Re: [zfs-discuss] L2ARC, block based or file based?
mattba...@gmail.com said: > We're looking at buying some additional SSD's for L2ARC (as well as > additional RAM to support the increased L2ARC size) and I'm wondering if we > NEED to plan for them to be large enough to hold the entire file or if ZFS > can cache the most heavily used parts of a single file. > > After watching arcstat (Mike Harsch's updated version) and arc_summary, I'm > still not sure what to make of it. It's rare that the l2arc (14Gb) hits > double digits in %hit whereas the ARC (3Gb) is frequently >80% hit. I'm not sure of the answer to your initial question (file-based vs block-based), but I may have an explanation for the stats you're seeing. We have a system here with 96GB of RAM and also the Sun F20 flash accelerator card (96GB), most of which is used for L2ARC. Note that data is not written into the L2ARC until it is evicted from the ARC (e.g. when something newer or more frequently used needs ARC space). So, my interpretation of the high hit rates on the in-RAM ARC, and low hit rates on the L2ARC, is that the working set of data fits mostly in RAM, and the system seldom needs to go to the L2ARC for more. Regards, Marion ___ zfs-discuss mailing list zfs-discuss@opensolaris.org http://mail.opensolaris.org/mailman/listinfo/zfs-discuss
[zfs-discuss] L2ARC, block based or file based?

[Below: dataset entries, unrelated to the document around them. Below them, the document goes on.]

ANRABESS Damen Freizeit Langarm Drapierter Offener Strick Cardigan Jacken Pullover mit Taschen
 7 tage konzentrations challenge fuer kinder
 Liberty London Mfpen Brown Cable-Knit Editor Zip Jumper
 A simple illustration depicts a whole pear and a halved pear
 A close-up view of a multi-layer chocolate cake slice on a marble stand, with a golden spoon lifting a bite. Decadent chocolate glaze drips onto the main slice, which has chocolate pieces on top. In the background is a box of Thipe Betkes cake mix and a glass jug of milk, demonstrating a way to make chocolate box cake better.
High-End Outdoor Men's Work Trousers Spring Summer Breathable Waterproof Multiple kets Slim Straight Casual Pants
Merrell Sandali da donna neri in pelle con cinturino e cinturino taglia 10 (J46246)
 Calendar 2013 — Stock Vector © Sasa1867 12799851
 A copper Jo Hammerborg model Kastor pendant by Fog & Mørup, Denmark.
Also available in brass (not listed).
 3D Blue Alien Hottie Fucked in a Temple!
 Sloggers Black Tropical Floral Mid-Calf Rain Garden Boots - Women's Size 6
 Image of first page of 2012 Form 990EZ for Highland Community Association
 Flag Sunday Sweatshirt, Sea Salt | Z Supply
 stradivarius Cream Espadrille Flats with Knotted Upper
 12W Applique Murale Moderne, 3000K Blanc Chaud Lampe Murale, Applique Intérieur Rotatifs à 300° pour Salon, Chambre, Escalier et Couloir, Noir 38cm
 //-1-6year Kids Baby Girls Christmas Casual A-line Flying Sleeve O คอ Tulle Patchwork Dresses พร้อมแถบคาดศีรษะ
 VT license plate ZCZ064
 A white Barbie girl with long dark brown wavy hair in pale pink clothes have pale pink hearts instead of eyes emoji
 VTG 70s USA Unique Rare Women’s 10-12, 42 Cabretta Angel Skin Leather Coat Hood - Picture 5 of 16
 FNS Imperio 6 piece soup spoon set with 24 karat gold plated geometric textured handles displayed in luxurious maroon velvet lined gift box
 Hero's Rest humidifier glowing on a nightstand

I'm sorry to be asking such a basic question that would seem to be easily found on Google, but after 30 minutes of "googling" and looking through this lists' archives, I haven't found a definitive answer. Is the L2ARC caching scheme based on files or blocks? The reason I ask: We have several databases that are stored in single large files of 500GB or more. So, is L2ARC doing us any good if the entire file can't be cached at once? We're looking at buying some additional SSD's for L2ARC (as well as additional RAM to support the increased L2ARC size) and I'm wondering if we NEED to plan for them to be large enough to hold the entire file or if ZFS can cache the most heavily used parts of a single file. After watching arcstat (Mike Harsch's updated version) and arc_summary, I'm still not sure what to make of it. It's rare that the l2arc (14Gb) hits double digits in %hit whereas the ARC (3Gb) is frequently >80% hit. TIA matt ___ zfs-discuss mailing list zfs-discuss@opensolaris.org http://mail.opensolaris.org/mailman/listinfo/zfs-discuss
Re: [zfs-discuss] zfs defragmentation via resilvering?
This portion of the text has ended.